*** Opening of TASK INPUTS ***
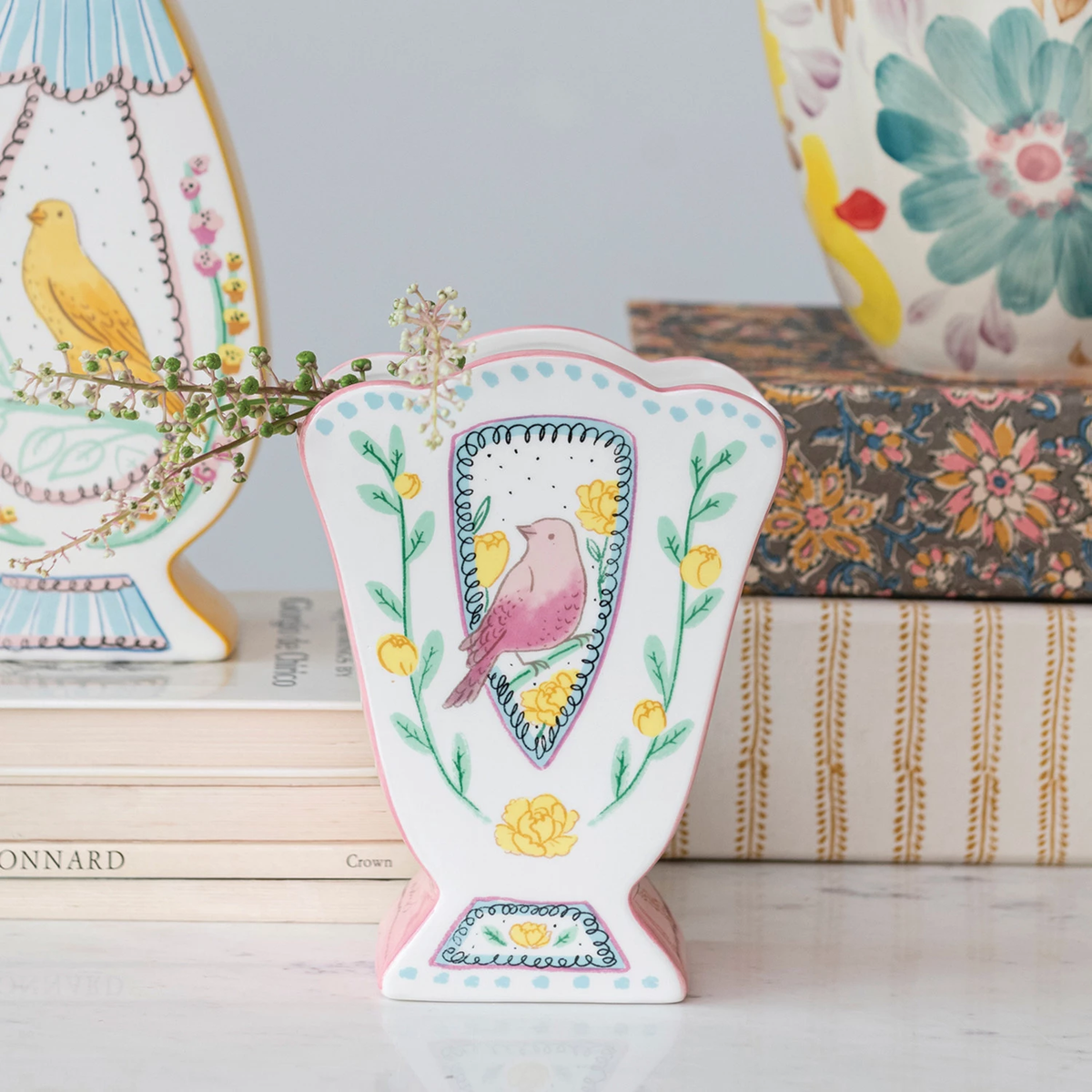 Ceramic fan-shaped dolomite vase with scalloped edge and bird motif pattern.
*** Close of TASK INPUTS ***
*** Opening of TASK INPUTS ***
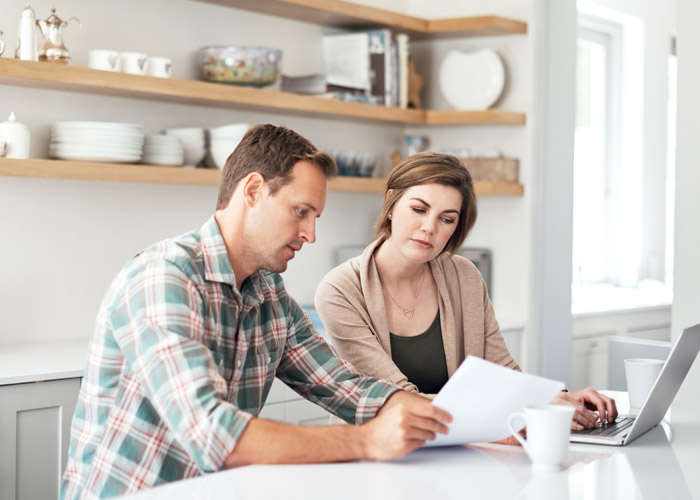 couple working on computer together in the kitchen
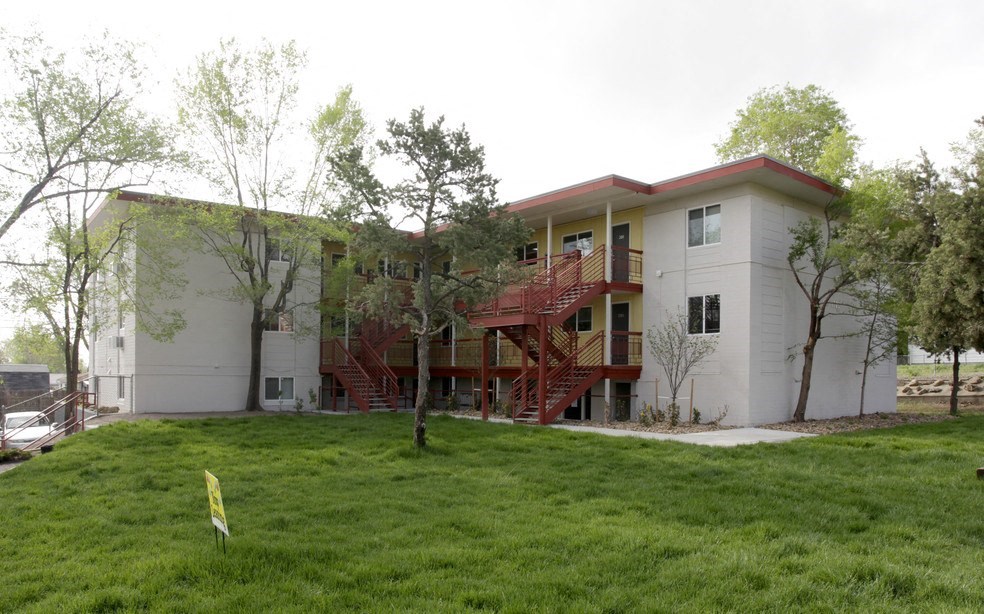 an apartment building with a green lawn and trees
*** Close of TASK INPUTS ***
*** Opening of TASK INPUTS ***
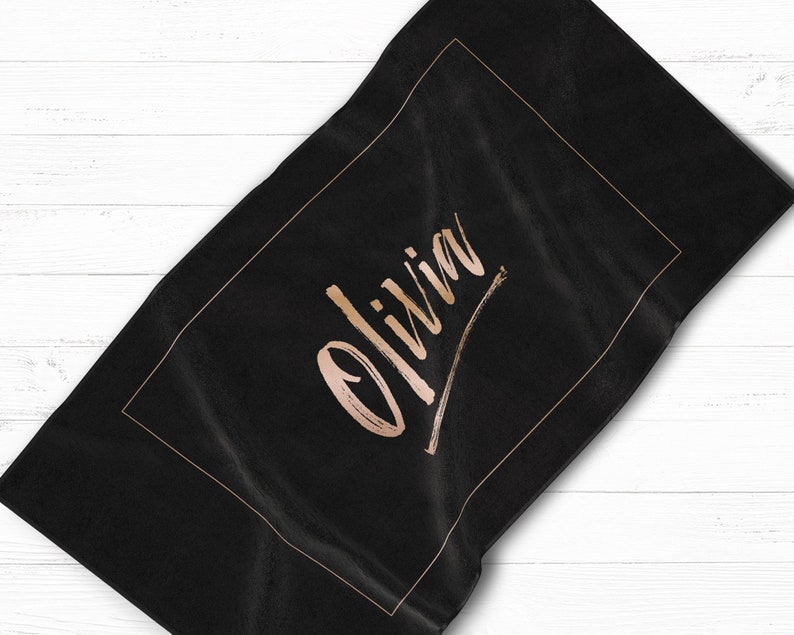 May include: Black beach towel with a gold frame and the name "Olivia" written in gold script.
*** Close of TASK INPUTS ***
WHAT TO PRODUCE | The answer is those lines of the material above that run from the one containing "couple working on" up to and including the one containing "an apartment building", restated exactly and without images.

OUTPUT FOR THIS TASK |
 couple working on computer together in the kitchen
 an apartment building with a green lawn and trees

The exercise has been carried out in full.